Methodological Strengths

  • Very large, national, propensity score-matched cohorts enabling head-to-head comparisons.
  • Time-to-event analysis with Cox models and adjustment for confounding.

Limitations

  • Observational design susceptible to residual confounding and channeling bias.
  • Details of microvascular composite definitions and subgroup effects are not fully elaborated.

Future Directions: Head-to-head randomized trials of SGLT2 inhibitors versus GLP-1 RAs added to insulin are needed, with mechanistic endpoints and safety profiling (including DKA and renal outcomes).

3. Predictors of diabetic ketoacidosis in patients with insulin-deficient diabetes phenotype initiating SGLT2 inhibitors.

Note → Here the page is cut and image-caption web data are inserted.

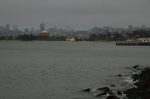 cali_goldengate_aug10_080.jpg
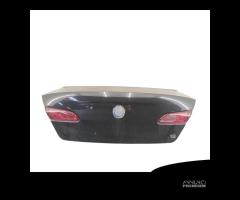 Portello posteriore Alfa Romeo 159 1.9 Diesel 2007 - 1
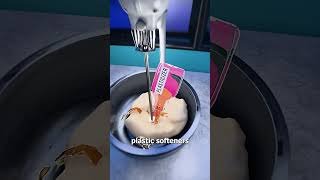 How To Make Your Own Gum 😬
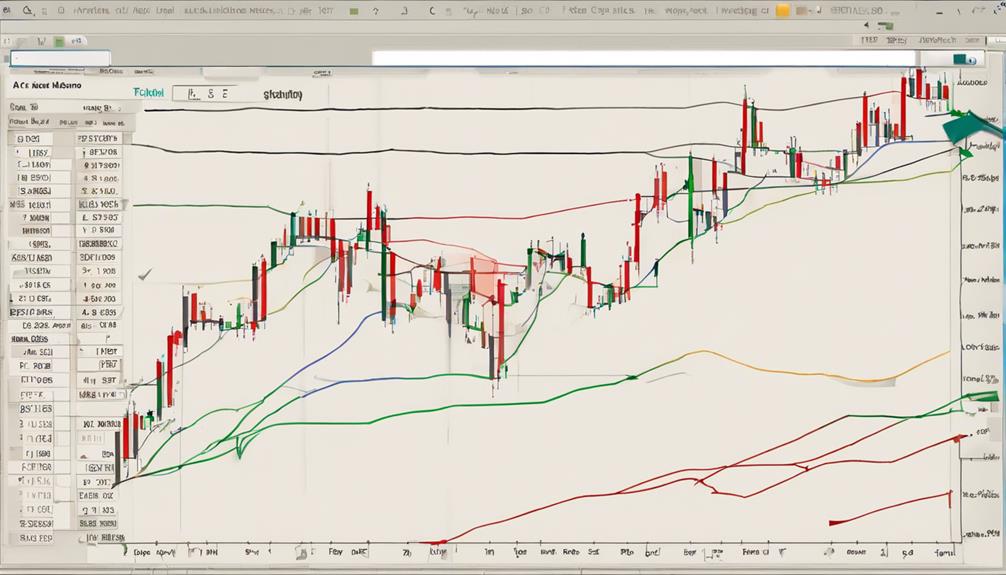 effective trading strategy indicator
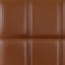 Cookie_Cappuccino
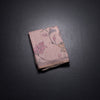 KSRTSR42163-1-Semi-Raw-Silk-Light-Brown-Printed-Saree-With-Floral-Creeper-Design-fold
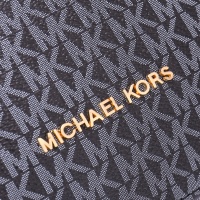 Cheap Michael Kors Messenger Bags #892927 Replica Wholesale [$35.00 USD] [ITEM#892927] on Replica Michael Kors Messenger Bags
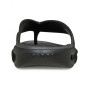 Japonki męskie Crocs InMotion Flip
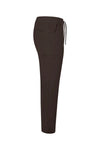 Calças Smart Pro Microfiber-RAG-Tailors-Fardas-e-Uniformes-Vestuario-Pro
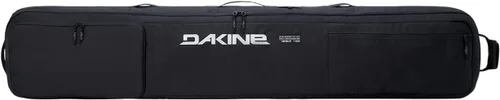 Vista 7 de Dakine - Bolsa de snowboard con rodillo bajo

70Level IIICohortDiabetes, obesity & metabolism · 2025PMID: 40536128

Among insulin-deficient diabetes phenotypes, SGLT2 inhibitor initiation was associated with a higher DKA risk (aHR 1.50) over a median 4.4 years. Poor glycemic control (HbA1c >9%) and lower BMI (≤25 kg/m²) further heightened risk, supporting targeted risk mitigation when prescribing SGLT2 inhibitors.

Impact: The study refines safety profiling for SGLT2 inhibitors by quantifying DKA risk in a high-risk phenotype and identifying practical predictors for clinical triage.

Clinical Implications: In patients with insulin-deficient features, consider enhanced DKA education, ketone monitoring, and avoidance of precipitants (low-carbohydrate intake, dehydration, intercurrent illness). Defer or closely monitor SGLT2 inhibitor use in those with HbA1c >9% or BMI ≤25 kg/m², and establish sick-day rules and rapid cessation protocols.

Key Findings

  • SGLT2 inhibitor use increased DKA risk vs non-use in insulin-deficient phenotype (aHR 1.50; 95% CI 1.15–1.95).
  • Over median 4.4 years, DKA occurred in 2.22% of SGLT2 users vs 1.54% of non-users (unadjusted HR 1.39).
  • Baseline HbA1c >9% increased DKA risk by 53% (aHR 1.53); lower BMI (≤25 kg/m²) was also associated with higher risk.
  • Analysis based on 6,572 SGLT2 users and 6,382 matched non-users from an initial cohort of 31,900.

Methodological Strengths

  • Large matched cohort with phenotype-based inclusion and time-to-event modeling.
  • Clear primary endpoint (first DKA) and multivariable Cox adjustment.

Limitations

  • Retrospective design with potential misclassification of phenotype and DKA events.
  • Generalizability may be limited to similar healthcare settings; some predictors (e.g., BMI cutoff) were truncated in reporting.

Future Directions: Prospective validation of a DKA risk score integrating HbA1c, BMI, ketone history, and behavioral factors; evaluate mitigation bundles (education, ketone monitoring) alongside SGLT2 initiation.